Jeff Law May 8, 2023, 10:02 p.m. UTC | #3
On 5/8/23 00:43, Richard Biener wrote:
> On Sat, May 6, 2023 at 8:46 PM Jeff Law via Gcc-patches
> <gcc-patches@gcc.gnu.org> wrote:
>>
>>
>>
>> On 5/6/23 06:57, Roger Sayle wrote:
>>>
>>> Following up on posts/reviews by Segher and Uros, there's some question
>>> over why the middle-end's lower subreg pass emits a clobber (of a
>>> multi-word register) into the instruction stream before emitting the
>>> sequence of moves of the word-sized parts.  This clobber interferes
>>> with (LRA) register allocation, preventing the multi-word pseudo to
>>> remain in the same hard registers.  This patch eliminates this
>>> (presumably superfluous) clobber and thereby improves register allocation.

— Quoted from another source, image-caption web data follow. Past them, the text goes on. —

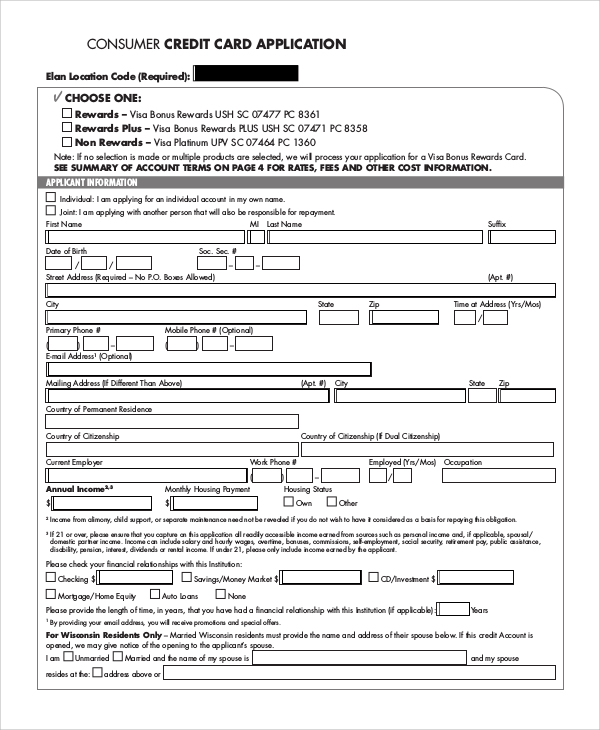 Credit Card Application Form Template 3882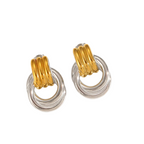 Mixed Color Geometric Stud Earring Set | Stainless Steel 18k Gold Plated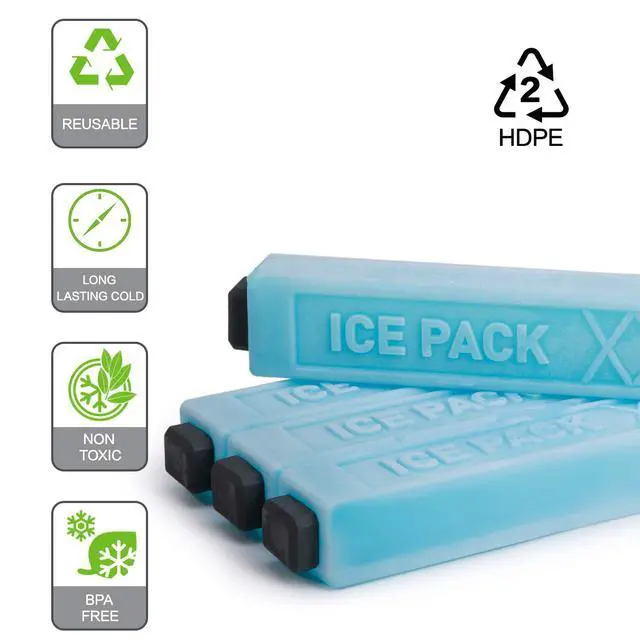 Alt view image 3 of 7 - Ice Packs for Coolers, 4 Pack Reusable Long Lasting Freezer Packs for Lunch Bags/Boxes, Cooler Backpack, Camping, Beach, Picnics, Fishing and More, Blue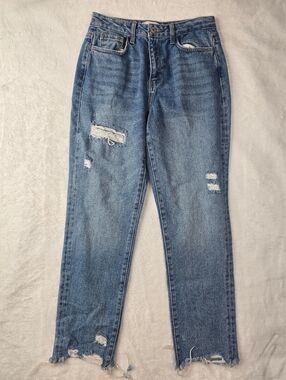 Vervet High Rise Straight Leg Jeans Sz 25 Distressed Raw Hem Light Wash Mom Jean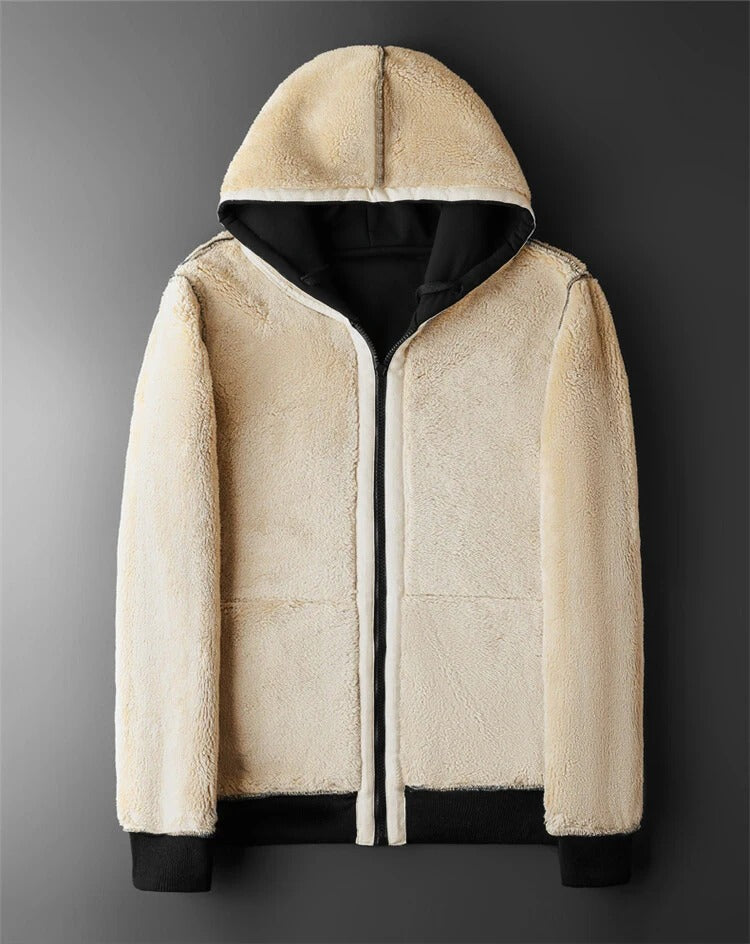 Veste d'hiver à capuche pour homme avec doublure en laine de mouton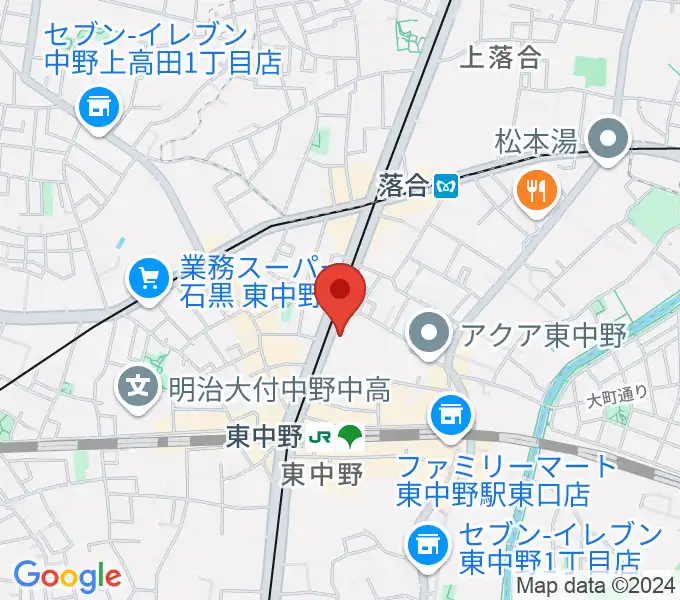 東中野ドラムの地図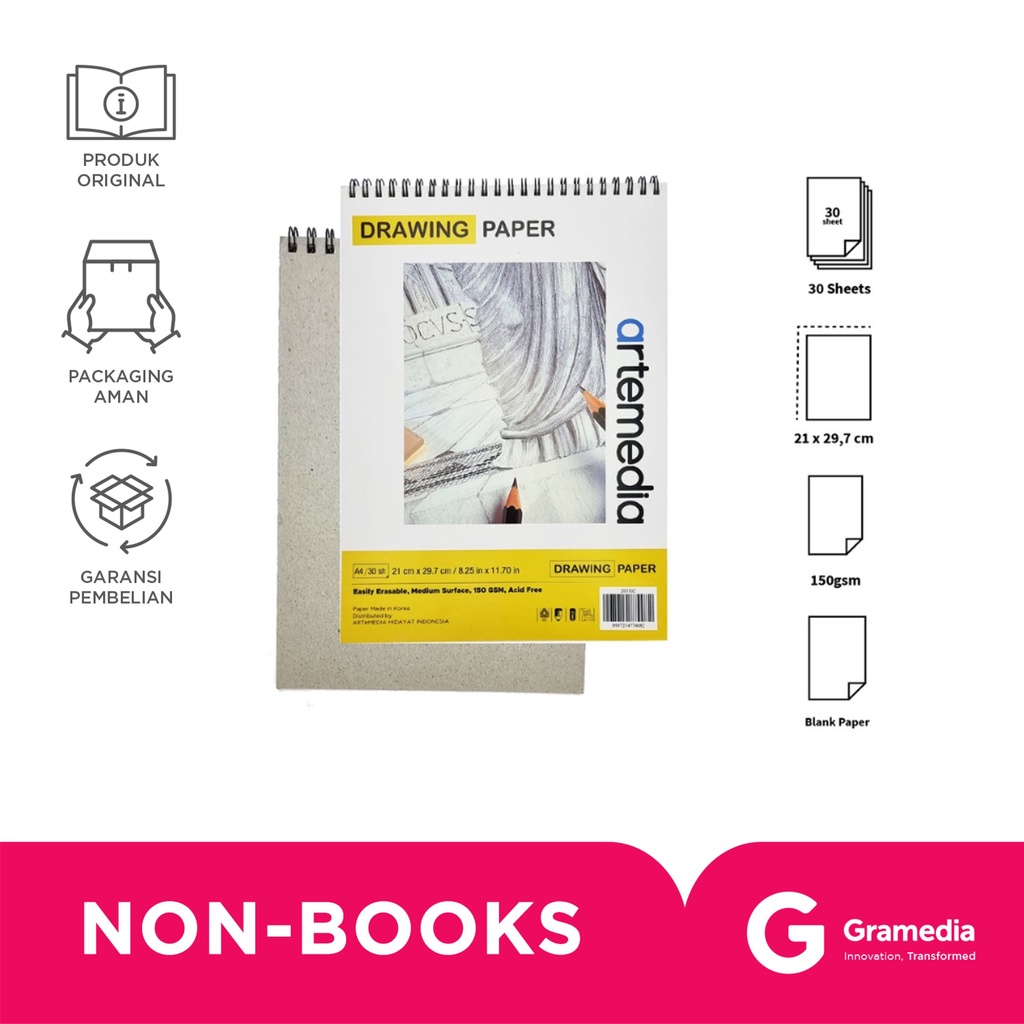 

Artemedia A5 Drawing Book 150Gsm 30Sh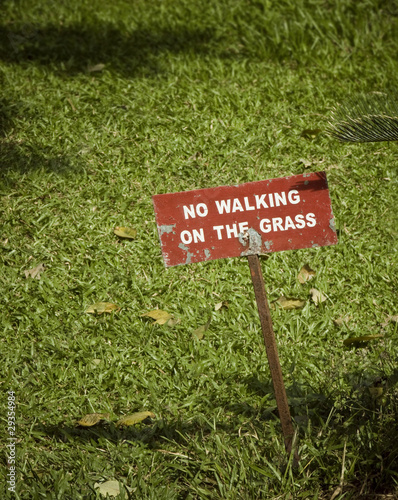 no walking on the grass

>> Those clobbered used to help dataflow analysis know that a multi word
>> register was fully assigned by a subsequent sequence.  I suspect they
>> haven't been terribly useful in quite a while.
> 
> Likely - maybe they still make a difference for some targets though.

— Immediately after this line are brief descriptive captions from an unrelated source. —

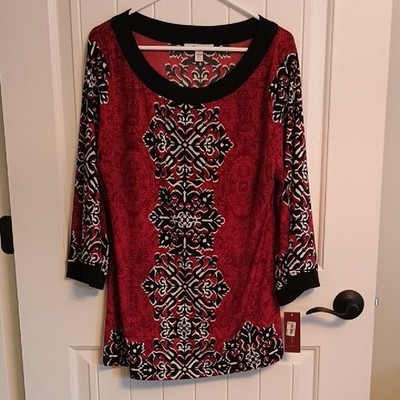 NWT Woman's JM Collection Red and Black Beaded Patterned Tunic, Size Large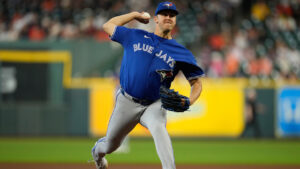 Toronto Blue Jays starting pitcher Jameson Taillon throws during the first inning of a baseball game against the Houston Astros in Houston, Wednesday, Aug. 5, 2026. (Ashley Landis/AP)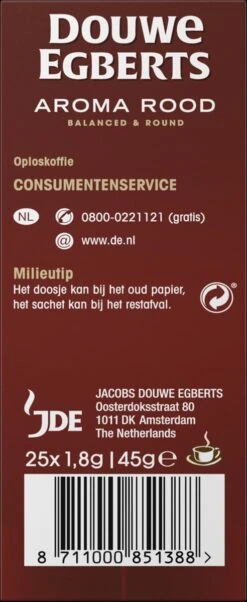 Douwe Egberts Aroma Rood Sticks Oploskoffie - 6 X 25 Zakjes -KoffieLuxe Aanbiedingen Winkel 492x1200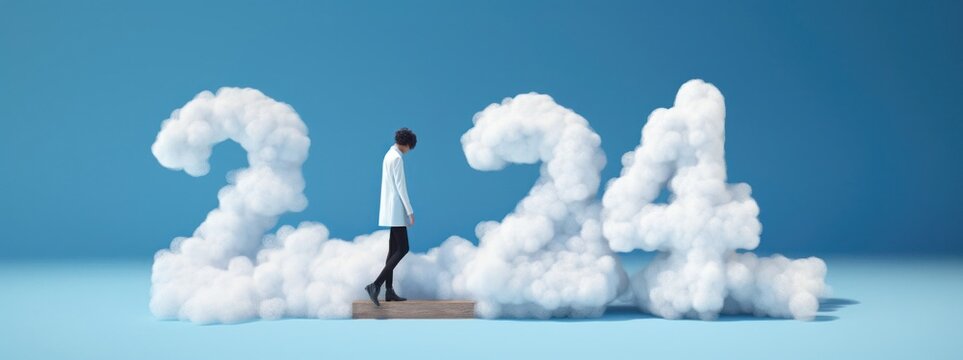 2024 New Years Reflecting White Clouds Anniversary Setting Generative AI - Powered by Adobe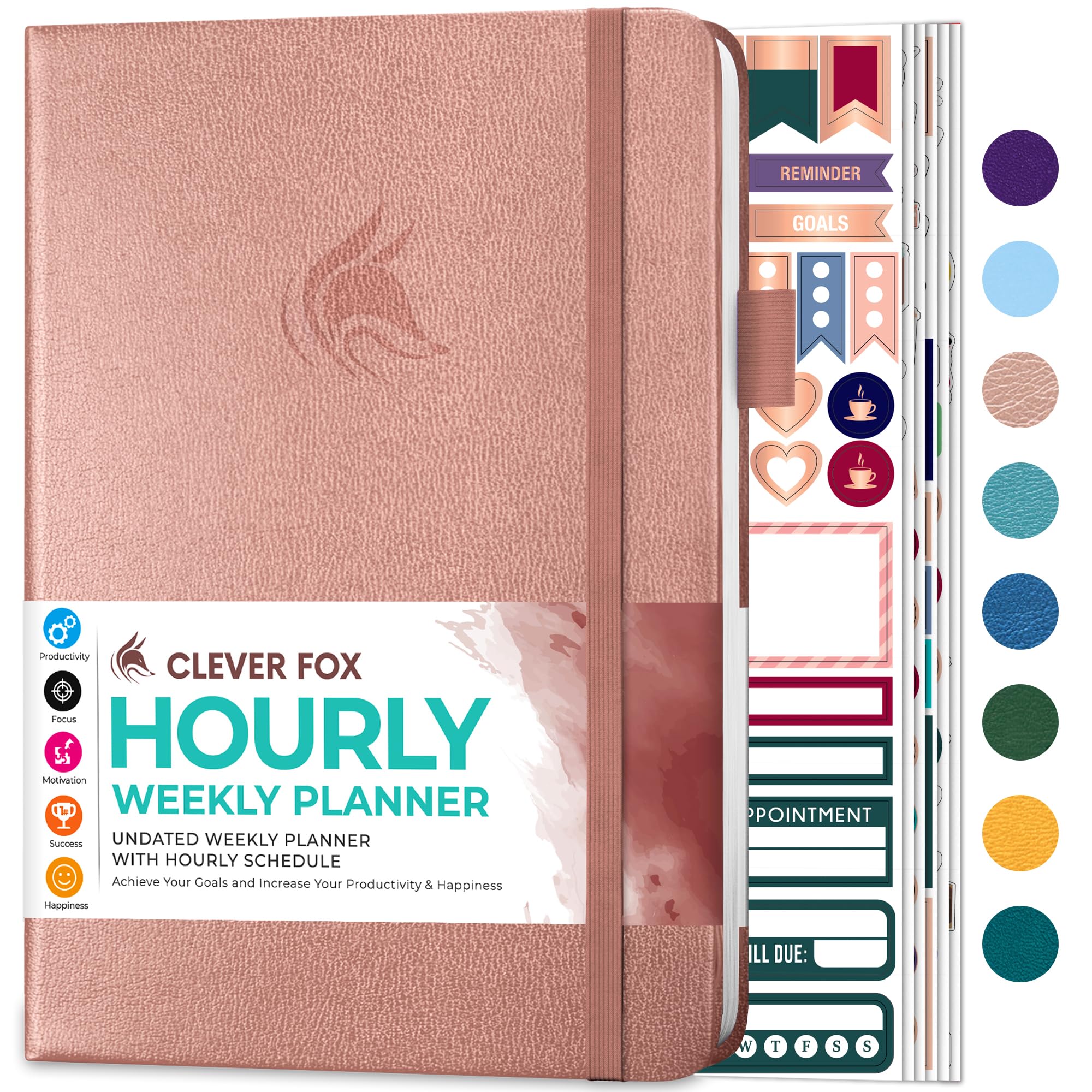 Clever Fox Planner Schedule โ Undated Weekly & Monthly Life Planner with Time Slots, Appointment Book & Daily Organizer, A5 (Rose Gold) โ image 1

> It might be interesting to see whether combining the clobber with the
> first set or making the set a multi-set with a parallel would be any
> better?
Wrapping them inside a PARALLEL might be better, but probably isn't 
worth the effort.  I think all this stuff dates back to the era where we 
had flow.c to provide the register lifetimes used by local-alloc.  We 
also had things like REG_NO_CONFLICT to indicate that the sub-object 
assignments didn't conflict.  In all it was rather hackish.

Jeff
  

Patch

diff --git a/gcc/lower-subreg.cc b/gcc/lower-subreg.cc
index 81fc5380..7c9cc3c 100644
--- a/gcc/lower-subreg.cc
+++ b/gcc/lower-subreg.cc
@@ -1086,9 +1086,6 @@  resolve_simple_move (rtx set, rtx_insn *insn)
     {
       unsigned int i;
 
-      if (REG_P (dest) && !HARD_REGISTER_NUM_P (REGNO (dest)))
-	emit_clobber (dest);
-
       for (i = 0; i < words; ++i)
 	{
 	  rtx t = simplify_gen_subreg_concatn (word_mode, dest,
diff --git a/gcc/testsuite/gcc.target/i386/pr43644.c b/gcc/testsuite/gcc.target/i386/pr43644.c
new file mode 100644
index 0000000..ffdf31c
--- /dev/null
+++ b/gcc/testsuite/gcc.target/i386/pr43644.c
@@ -0,0 +1,11 @@ 
+/* { dg-do compile { target int128 } } */
+/* { dg-options "-O2" } */
+
+__int128 foo(__int128 x, __int128 y)
+{
+  return x+y;
+}
+
+/* { dg-final { scan-assembler-times "movq" 2 } } */
+/* { dg-final { scan-assembler-not "push" } } */
+/* { dg-final { scan-assembler-not "pop" } } */